Maka berdasarkan penjelasan ini bahwa TKW itu statusnya
sama seperti para pekerja yang lainnya, yang memiliki kemerdekaan hidup dan
memiliki hak untuk mendapatkan upah, sebagaimana Rasulullah saw mengarahkan
dalam sabdanya yang berbunyi:
عَنْ أَبِي سَعِيدٍ الْخُدْرِيِّ أَنَّ رَسُولَ اللَّهِ صَلَّى اللَّهُ
عَلَيْهِ وَسَلَّمَ نَهَى عَنْ اسْتِئْجَارِ الْأَجِيرِ حَتَّى يُبَيَّنَ لَهُ
أَجْرُهُ...
Dari Abu Sa’id ra., berkata: Rasulullah Saw melarang
untuk mempekerjakan seorang pekerja sehingga dijelaskan upahnya terlebih dahulu
kepadanya. (Hr. Ahmad)
عَنِ ابْنِ عُمَرَ رضي الله عنهما قَالَ: قَالَ رَسُولُ اللهِ صَلَّى اللهُ
عَلَيْهِ وَسَلَّمَ: «اعْطُوا الْأَجِيرَ أَجْرَهُ قَبْلَ أَنْ يَجِفَّ عَرَقُهُ.
Dari Ibnu Umar ra., berkata: Rasulullah Saw bersabda, “Berikanlah
upah kepada pekerja sebelum kering keringatnya.” (Hr. Ibnu Majah)
Sedangkan yang disebut dengan hamba sahaya dalam
Bahasa Arab digunakan dengan kata ‘abiid, roqiiq dan roqobah. Yang
memiliki arti manusia yang tidak memiliki kebebasan hidup, dengan kata lain
kehidupannya ditentukan oleh pemiliknya atau majikannya, sebagaimana
diungkapkan oleh Abu Bakar Jabir dalam kitab Minhajul Muslim: “Hamba
sahaya diperlakukan oleh keumuman manusia pada saat itu tidak lebih sebagai
alat yang digunakan untuk melayani dalam segala hal dan diperlakukan sebagai
barang, sampai dibiarkan kelaparan, dipukul dan diberikan beban yang diluar dari
kemampuannya, dan mereka menamai hamba sahaya itu dengan sebutan alat yang
memiliki ruh serta barang yang bergerak yang bisa hidup.” (Minhajul Muslim, 453)

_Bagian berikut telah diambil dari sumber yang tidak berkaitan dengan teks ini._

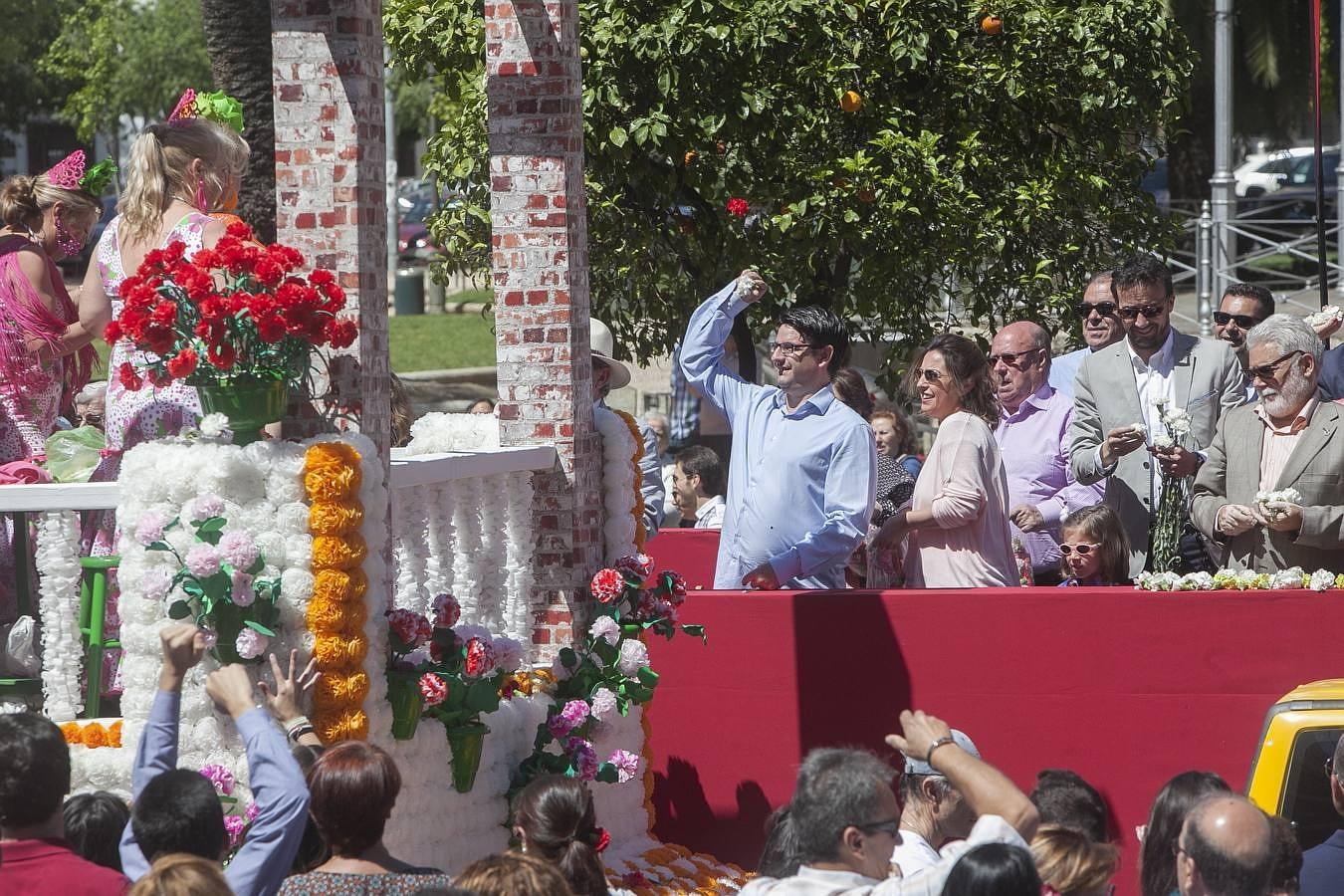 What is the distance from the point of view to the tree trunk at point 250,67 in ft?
38.8

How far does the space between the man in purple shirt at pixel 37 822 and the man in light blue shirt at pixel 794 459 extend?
381cm

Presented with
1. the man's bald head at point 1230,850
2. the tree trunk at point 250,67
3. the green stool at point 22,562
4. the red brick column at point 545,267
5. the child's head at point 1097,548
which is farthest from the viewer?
the tree trunk at point 250,67

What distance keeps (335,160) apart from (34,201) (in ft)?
6.86

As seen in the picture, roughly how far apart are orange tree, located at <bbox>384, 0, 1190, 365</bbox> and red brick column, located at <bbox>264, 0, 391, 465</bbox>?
451 centimetres

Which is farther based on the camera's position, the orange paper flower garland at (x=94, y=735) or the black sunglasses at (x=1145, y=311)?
the black sunglasses at (x=1145, y=311)

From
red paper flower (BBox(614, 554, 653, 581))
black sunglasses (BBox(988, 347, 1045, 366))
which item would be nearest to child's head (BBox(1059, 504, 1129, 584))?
black sunglasses (BBox(988, 347, 1045, 366))

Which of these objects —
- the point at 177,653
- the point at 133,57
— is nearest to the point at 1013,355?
the point at 177,653

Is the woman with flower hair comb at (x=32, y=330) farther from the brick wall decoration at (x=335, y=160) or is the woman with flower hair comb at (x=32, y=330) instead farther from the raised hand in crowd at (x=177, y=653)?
the raised hand in crowd at (x=177, y=653)

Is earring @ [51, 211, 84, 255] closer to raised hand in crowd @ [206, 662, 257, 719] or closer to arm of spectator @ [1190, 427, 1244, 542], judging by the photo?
raised hand in crowd @ [206, 662, 257, 719]

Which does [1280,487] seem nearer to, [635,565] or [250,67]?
[635,565]

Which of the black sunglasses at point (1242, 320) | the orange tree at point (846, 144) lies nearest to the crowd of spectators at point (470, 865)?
the black sunglasses at point (1242, 320)

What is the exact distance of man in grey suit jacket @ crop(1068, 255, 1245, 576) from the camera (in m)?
8.10

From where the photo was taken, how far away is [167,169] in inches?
240

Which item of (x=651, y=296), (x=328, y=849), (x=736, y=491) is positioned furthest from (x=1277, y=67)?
(x=328, y=849) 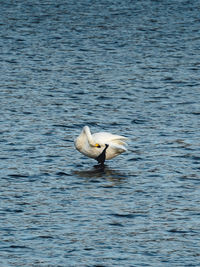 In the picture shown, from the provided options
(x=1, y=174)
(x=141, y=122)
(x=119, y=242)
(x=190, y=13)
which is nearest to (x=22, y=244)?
(x=119, y=242)

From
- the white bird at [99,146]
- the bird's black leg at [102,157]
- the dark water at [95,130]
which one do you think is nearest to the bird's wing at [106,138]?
the white bird at [99,146]

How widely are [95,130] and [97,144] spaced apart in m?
4.63

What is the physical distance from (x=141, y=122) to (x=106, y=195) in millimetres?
8079

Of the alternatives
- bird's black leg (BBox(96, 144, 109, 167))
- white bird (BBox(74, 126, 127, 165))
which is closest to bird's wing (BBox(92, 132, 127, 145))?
white bird (BBox(74, 126, 127, 165))

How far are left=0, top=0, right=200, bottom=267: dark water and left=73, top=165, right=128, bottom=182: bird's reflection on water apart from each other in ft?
0.10

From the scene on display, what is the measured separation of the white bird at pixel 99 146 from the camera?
22547mm

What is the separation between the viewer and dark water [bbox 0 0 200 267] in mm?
16953

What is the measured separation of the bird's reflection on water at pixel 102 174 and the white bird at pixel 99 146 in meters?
0.28

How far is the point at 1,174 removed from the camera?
21922 mm

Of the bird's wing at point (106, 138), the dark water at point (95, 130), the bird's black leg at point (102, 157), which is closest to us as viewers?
the dark water at point (95, 130)

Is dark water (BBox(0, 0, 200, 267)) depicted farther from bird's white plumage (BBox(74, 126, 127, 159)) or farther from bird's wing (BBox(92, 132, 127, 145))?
bird's wing (BBox(92, 132, 127, 145))

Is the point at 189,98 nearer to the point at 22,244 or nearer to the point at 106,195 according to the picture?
the point at 106,195

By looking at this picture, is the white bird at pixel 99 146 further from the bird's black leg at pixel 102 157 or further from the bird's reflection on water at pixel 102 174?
the bird's reflection on water at pixel 102 174

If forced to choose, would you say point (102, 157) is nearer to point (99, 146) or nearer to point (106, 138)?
point (99, 146)
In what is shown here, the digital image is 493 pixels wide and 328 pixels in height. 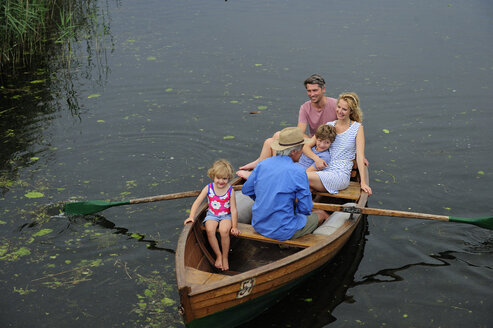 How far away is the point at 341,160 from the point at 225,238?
202cm

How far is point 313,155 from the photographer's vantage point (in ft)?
23.9

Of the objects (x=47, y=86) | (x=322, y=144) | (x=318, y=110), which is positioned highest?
(x=318, y=110)

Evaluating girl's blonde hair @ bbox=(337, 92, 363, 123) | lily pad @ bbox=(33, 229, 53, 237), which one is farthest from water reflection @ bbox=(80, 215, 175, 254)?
girl's blonde hair @ bbox=(337, 92, 363, 123)

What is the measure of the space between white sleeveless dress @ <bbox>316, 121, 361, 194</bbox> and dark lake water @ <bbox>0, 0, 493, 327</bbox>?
80 cm

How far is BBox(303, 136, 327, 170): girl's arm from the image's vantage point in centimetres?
721

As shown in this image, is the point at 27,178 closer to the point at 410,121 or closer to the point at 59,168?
the point at 59,168

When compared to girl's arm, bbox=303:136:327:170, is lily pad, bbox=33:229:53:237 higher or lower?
lower

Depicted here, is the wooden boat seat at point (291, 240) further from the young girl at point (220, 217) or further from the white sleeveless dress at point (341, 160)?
the white sleeveless dress at point (341, 160)

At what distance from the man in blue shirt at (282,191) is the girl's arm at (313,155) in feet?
4.46

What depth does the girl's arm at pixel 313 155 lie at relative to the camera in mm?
7211

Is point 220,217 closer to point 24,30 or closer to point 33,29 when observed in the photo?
point 24,30

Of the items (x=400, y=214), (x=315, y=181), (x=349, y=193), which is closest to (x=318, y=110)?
(x=315, y=181)

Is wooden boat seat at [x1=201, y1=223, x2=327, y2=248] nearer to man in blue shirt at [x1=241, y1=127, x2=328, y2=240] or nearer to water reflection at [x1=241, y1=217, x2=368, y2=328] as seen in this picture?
man in blue shirt at [x1=241, y1=127, x2=328, y2=240]

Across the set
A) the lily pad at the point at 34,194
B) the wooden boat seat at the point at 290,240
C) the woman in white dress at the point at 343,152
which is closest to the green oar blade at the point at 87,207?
the lily pad at the point at 34,194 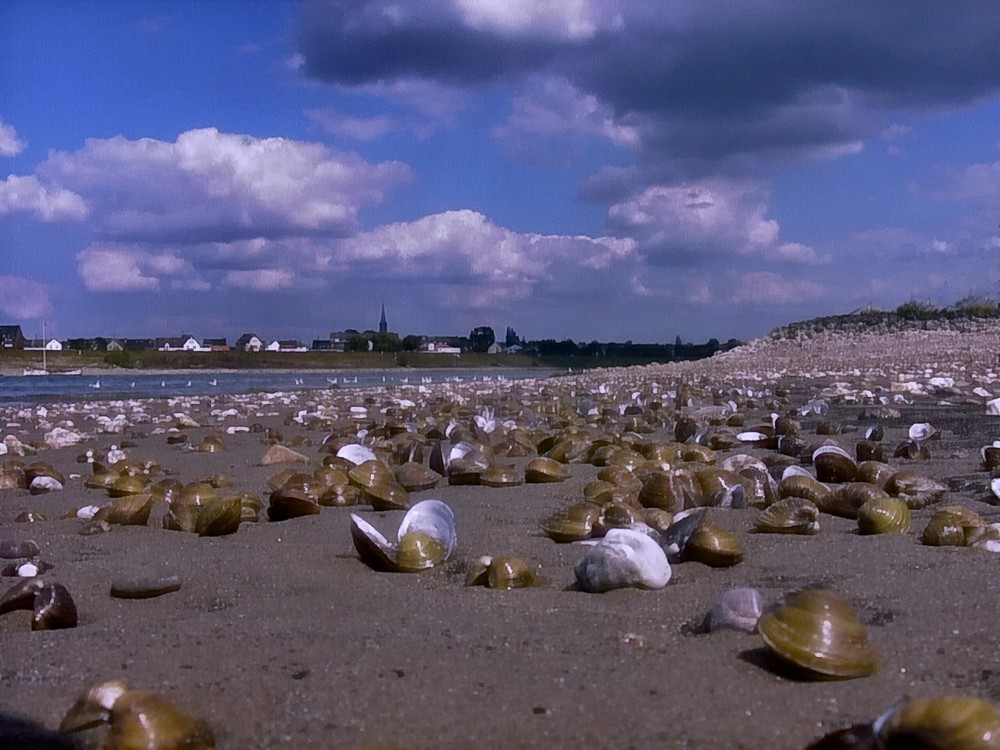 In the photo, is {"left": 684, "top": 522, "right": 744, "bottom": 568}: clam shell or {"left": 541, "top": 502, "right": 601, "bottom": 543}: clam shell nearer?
{"left": 684, "top": 522, "right": 744, "bottom": 568}: clam shell

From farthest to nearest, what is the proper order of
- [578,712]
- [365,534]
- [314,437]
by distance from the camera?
1. [314,437]
2. [365,534]
3. [578,712]

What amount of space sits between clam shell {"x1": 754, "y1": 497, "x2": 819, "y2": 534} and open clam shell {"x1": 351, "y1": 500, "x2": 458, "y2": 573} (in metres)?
1.10

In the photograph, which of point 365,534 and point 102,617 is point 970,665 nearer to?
point 365,534

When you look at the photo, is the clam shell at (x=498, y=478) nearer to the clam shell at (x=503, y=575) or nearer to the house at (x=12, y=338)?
the clam shell at (x=503, y=575)

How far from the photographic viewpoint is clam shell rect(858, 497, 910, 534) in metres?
3.03

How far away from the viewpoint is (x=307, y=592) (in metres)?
2.50

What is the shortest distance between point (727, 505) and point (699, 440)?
2413mm

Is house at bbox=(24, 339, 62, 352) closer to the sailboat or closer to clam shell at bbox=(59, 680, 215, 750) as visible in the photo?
the sailboat

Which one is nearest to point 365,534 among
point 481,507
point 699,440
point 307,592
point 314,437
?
point 307,592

Islam mengarahkan dalam memperlakukan hamba sahaya itu
layaknya sebagai manusia yang memiliki kehormatan, bahkan mengharamkan untuk
memukul dan membunuhnya serta menganjurkan untuk diperlakukan dengan baik,
sebagaimana termaktub dalam al-Qur’an dan as-Sunnah:
۞ وَاعْبُدُوا
اللّٰهَ وَلَا تُشْرِكُوْا بِهٖ شَيْـًٔا وَّبِالْوَالِدَيْنِ اِحْسَانًا وَّبِذِى
الْقُرْبٰى وَالْيَتٰمٰى وَالْمَسٰكِيْنِ وَالْجَارِ ذِى الْقُرْبٰى وَالْجَارِ
الْجُنُبِ وَالصَّاحِبِ بِالْجَنْۢبِ وَابْنِ السَّبِيْلِۙ وَمَا مَلَكَتْ
اَيْمَانُكُمْ ۗ.
Sembahlah Allah dan janganlah kamu
mempersekutukan-Nya dengan sesuatu apa pun. Berbuat baiklah kepada kedua orang
tua, karib kerabat, anak-anak ya tim, orang-orang miskin, tetangga dekat dan
tetangga jauh, teman sejawat, ibnusabil, serta hamba sahaya yang kamu miliki. (Qs. An-Nisa
[4]: 36)
عن ابن عمر
قال: سَمِعْتُ رَسُولَ اللَّهِ -صلى الله عليه وسلم- يَقُولُ « مَنْ لَطَمَ
مَمْلُوكَهُ أَوْ ضَرَبَهُ فَكَفَّارَتُهُ أَنْ يُعْتِقَهُ ».
Dari Ibnu Umar ra., ia berkata:
Aku mendengar Rasulullah Saw bersabda, “Barangsiapa yang menampar atau
memukul hamba sahayanya, maka kaffarohnya adalah memerdekakannya.” (Hr.
Muslim)
Berdasarkan keterangan ini,
secara mafhum muwafaqoh, memperlakukan hamba sahaya saja harus dengan
baik apalagi TKW yang statusnya sebagai seorang yang merdeka.
Kesimpulan:
1.
TKW statusnya sama seperti para
pekerja yang lainnya, memiliki kemerdekaan hidup dan punya hak untuk
mendapatkan upah.
2.
Memperlakukan hamba sahaya harus
dengan baik seperti memperlakukan manusia yang memiliki kemerdekaan hidup yang
memiliki kehormatan.
3.
Memperlakukan hamba sahaya saja
harus dengan baik, apalagi memperlakukan TKW.
4.
Haram hukumnya memperlakukan TKW
seperti memperlakukan kepada hamba sahaya yang tidak manusiawi.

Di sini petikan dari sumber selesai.